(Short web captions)
------------------------------------------------
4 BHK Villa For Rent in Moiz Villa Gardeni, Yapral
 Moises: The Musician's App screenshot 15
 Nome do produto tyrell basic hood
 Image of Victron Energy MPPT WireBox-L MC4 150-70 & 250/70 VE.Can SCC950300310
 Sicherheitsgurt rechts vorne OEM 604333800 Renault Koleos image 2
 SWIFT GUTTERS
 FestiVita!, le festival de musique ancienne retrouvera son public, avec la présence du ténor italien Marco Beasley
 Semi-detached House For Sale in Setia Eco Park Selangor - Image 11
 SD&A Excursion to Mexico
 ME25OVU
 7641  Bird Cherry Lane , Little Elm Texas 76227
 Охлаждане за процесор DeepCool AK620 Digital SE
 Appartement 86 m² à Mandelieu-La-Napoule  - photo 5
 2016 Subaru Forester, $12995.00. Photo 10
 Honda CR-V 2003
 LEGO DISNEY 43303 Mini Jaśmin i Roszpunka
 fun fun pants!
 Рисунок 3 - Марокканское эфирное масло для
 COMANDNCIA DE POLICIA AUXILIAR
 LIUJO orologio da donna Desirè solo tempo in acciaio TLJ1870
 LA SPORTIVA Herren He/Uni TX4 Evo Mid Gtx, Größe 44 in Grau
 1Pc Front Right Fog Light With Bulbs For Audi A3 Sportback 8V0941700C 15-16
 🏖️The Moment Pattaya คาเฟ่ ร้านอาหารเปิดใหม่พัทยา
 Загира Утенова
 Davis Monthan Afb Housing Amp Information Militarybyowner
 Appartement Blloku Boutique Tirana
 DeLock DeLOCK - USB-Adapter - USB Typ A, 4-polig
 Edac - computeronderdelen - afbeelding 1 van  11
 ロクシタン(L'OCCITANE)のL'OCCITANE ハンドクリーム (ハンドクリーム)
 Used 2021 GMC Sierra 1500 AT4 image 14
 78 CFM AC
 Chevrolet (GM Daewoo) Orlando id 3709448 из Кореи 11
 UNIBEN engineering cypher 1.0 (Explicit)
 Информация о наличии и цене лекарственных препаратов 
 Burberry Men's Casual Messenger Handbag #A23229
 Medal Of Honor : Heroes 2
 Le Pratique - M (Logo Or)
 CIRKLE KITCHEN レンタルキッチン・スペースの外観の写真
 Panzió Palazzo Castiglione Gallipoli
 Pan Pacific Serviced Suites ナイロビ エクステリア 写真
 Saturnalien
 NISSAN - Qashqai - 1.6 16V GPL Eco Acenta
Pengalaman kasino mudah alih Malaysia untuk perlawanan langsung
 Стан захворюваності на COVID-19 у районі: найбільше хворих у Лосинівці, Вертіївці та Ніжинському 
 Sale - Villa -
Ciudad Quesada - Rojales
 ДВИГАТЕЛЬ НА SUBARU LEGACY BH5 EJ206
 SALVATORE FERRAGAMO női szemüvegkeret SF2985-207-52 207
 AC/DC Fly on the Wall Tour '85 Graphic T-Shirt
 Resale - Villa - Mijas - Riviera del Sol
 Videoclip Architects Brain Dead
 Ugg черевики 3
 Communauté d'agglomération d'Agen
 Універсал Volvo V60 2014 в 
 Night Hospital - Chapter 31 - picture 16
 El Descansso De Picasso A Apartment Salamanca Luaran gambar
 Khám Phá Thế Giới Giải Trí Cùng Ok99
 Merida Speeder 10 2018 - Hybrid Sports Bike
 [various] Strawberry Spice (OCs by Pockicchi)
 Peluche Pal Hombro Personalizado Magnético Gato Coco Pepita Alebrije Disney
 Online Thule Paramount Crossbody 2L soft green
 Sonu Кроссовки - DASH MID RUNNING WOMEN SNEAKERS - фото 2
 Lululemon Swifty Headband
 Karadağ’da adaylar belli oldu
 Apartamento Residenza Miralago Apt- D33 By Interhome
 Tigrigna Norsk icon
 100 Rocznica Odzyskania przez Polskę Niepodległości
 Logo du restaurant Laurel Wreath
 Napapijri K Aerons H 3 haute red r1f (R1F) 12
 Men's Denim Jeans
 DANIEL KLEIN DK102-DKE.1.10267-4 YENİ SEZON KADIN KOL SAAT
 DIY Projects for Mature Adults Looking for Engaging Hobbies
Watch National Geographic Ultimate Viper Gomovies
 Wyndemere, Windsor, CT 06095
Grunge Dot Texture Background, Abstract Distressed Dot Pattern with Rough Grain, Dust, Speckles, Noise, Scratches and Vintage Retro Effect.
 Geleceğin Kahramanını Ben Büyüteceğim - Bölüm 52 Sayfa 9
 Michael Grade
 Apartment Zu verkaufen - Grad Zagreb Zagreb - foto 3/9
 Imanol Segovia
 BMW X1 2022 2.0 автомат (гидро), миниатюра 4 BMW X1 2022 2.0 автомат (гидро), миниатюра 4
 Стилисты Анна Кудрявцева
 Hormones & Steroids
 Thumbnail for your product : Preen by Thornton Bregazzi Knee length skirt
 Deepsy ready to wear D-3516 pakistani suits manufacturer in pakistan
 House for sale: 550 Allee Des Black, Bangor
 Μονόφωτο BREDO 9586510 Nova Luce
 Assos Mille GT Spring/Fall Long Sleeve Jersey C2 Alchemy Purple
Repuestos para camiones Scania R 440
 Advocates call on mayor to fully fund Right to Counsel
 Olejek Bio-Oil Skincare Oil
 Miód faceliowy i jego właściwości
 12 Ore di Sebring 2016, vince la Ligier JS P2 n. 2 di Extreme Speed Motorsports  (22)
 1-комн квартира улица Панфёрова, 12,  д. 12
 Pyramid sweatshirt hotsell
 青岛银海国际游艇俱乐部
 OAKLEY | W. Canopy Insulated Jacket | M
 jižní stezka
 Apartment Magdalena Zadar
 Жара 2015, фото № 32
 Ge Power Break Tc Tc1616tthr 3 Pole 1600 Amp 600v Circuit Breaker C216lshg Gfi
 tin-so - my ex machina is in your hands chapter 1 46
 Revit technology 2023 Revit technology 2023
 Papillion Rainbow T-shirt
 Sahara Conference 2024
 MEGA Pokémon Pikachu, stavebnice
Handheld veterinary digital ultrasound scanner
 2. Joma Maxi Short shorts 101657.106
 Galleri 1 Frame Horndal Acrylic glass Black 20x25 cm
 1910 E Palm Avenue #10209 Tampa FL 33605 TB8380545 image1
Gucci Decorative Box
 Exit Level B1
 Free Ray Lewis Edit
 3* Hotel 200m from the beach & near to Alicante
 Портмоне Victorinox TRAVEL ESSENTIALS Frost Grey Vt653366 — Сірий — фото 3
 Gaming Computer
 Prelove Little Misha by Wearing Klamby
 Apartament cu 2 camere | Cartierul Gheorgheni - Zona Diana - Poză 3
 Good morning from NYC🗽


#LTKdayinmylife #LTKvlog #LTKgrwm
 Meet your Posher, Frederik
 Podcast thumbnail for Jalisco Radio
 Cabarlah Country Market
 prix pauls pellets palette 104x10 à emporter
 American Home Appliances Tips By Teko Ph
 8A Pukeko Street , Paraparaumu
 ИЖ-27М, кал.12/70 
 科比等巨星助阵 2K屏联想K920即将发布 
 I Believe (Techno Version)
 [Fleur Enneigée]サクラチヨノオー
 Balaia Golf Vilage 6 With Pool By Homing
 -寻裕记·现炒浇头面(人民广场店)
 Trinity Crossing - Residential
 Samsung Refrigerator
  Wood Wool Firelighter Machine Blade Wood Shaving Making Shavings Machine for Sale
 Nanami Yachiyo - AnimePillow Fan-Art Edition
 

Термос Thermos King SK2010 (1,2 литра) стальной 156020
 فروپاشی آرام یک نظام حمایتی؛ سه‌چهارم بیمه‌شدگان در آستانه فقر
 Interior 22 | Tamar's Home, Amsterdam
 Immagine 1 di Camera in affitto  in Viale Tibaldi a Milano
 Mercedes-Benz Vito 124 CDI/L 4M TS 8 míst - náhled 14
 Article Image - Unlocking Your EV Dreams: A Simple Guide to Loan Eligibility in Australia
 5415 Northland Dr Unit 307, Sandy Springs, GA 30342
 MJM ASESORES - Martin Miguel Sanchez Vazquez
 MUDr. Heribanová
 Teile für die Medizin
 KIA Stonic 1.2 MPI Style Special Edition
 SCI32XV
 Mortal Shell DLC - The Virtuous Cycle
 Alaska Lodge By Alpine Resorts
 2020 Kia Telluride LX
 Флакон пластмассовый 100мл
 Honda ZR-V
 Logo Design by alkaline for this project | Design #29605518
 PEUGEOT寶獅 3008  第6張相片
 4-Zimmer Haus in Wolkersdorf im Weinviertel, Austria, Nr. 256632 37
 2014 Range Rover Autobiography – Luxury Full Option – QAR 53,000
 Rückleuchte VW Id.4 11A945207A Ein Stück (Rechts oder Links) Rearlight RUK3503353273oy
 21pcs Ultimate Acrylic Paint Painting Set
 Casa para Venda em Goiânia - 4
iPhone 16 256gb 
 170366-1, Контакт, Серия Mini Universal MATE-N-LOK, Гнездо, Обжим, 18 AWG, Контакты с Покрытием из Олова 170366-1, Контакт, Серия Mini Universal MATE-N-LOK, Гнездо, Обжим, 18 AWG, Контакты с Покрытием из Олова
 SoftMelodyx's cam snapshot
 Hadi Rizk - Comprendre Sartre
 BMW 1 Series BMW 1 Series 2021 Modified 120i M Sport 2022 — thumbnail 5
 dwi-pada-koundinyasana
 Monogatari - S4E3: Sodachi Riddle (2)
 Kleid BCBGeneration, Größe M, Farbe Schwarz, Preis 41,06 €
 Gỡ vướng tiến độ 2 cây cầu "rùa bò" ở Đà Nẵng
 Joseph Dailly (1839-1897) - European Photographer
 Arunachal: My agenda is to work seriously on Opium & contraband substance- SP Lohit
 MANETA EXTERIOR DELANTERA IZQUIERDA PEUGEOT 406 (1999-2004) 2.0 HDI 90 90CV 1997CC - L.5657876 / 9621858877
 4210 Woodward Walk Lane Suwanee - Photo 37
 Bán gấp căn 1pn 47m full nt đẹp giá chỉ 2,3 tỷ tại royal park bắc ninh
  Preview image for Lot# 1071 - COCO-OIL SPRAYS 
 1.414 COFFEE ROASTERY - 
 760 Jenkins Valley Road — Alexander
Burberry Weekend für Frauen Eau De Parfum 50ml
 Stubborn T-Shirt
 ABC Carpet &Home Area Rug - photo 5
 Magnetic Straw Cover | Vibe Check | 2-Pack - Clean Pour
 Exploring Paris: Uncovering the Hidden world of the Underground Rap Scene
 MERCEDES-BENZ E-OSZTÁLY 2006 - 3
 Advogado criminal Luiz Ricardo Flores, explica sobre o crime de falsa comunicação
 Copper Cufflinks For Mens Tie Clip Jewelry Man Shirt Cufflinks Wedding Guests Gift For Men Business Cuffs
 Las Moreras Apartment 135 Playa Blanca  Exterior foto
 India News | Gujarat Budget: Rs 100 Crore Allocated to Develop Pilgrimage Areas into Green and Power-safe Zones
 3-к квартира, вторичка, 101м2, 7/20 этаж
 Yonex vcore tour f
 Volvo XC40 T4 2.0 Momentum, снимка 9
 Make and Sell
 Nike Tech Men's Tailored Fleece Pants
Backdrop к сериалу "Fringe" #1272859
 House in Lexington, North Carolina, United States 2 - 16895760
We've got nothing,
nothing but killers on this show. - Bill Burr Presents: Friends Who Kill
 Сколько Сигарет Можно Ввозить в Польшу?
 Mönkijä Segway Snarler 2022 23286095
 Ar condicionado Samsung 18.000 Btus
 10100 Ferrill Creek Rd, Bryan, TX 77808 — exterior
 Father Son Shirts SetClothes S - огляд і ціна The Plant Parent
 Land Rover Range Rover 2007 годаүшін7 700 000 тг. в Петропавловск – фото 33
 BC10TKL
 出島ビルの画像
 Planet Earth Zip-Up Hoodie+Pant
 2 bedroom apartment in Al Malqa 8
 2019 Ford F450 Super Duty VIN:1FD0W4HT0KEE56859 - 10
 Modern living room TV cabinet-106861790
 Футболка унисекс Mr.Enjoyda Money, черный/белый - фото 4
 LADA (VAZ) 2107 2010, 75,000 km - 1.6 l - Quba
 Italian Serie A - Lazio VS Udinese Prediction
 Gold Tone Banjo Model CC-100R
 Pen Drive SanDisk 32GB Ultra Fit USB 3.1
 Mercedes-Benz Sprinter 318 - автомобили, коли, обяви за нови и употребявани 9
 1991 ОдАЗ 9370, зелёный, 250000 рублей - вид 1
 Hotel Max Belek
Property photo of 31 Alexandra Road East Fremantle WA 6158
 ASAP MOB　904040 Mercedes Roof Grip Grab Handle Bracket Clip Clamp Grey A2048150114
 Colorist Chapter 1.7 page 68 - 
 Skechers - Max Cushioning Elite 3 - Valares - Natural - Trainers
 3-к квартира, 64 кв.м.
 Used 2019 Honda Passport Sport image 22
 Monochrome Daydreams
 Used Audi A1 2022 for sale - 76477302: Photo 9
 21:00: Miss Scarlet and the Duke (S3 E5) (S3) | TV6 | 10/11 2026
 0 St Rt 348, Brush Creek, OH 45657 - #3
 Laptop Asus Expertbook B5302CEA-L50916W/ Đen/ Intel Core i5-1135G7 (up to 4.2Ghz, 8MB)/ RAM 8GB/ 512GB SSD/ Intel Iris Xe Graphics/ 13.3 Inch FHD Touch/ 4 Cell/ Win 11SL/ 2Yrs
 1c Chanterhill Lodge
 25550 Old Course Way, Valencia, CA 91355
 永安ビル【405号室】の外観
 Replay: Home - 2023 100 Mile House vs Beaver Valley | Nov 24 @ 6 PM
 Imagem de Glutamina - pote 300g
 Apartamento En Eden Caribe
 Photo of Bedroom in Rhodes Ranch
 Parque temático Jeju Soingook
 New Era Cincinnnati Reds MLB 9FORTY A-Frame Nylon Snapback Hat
------------------------------------------------
What is required
What you give back must be the stretch above, starting at the line with "#LTKdayinmylife #LTKvlog #LTKgrwm" and ending at the line with "Mercedes-Benz Vito 124", copied exactly.

Response
#LTKdayinmylife #LTKvlog #LTKgrwm
 Meet your Posher, Frederik
 Podcast thumbnail for Jalisco Radio
 Cabarlah Country Market
 prix pauls pellets palette 104x10 à emporter
 American Home Appliances Tips By Teko Ph
 8A Pukeko Street , Paraparaumu
 ИЖ-27М, кал.12/70 
 科比等巨星助阵 2K屏联想K920即将发布 
 I Believe (Techno Version)
 [Fleur Enneigée]サクラチヨノオー
 Balaia Golf Vilage 6 With Pool By Homing
 -寻裕记·现炒浇头面(人民广场店)
 Trinity Crossing - Residential
 Samsung Refrigerator
  Wood Wool Firelighter Machine Blade Wood Shaving Making Shavings Machine for Sale
 Nanami Yachiyo - AnimePillow Fan-Art Edition
 

Термос Thermos King SK2010 (1,2 литра) стальной 156020
 فروپاشی آرام یک نظام حمایتی؛ سه‌چهارم بیمه‌شدگان در آستانه فقر
 Interior 22 | Tamar's Home, Amsterdam
 Immagine 1 di Camera in affitto  in Viale Tibaldi a Milano
 Mercedes-Benz Vito 124 CDI/L 4M TS 8 míst - náhled 14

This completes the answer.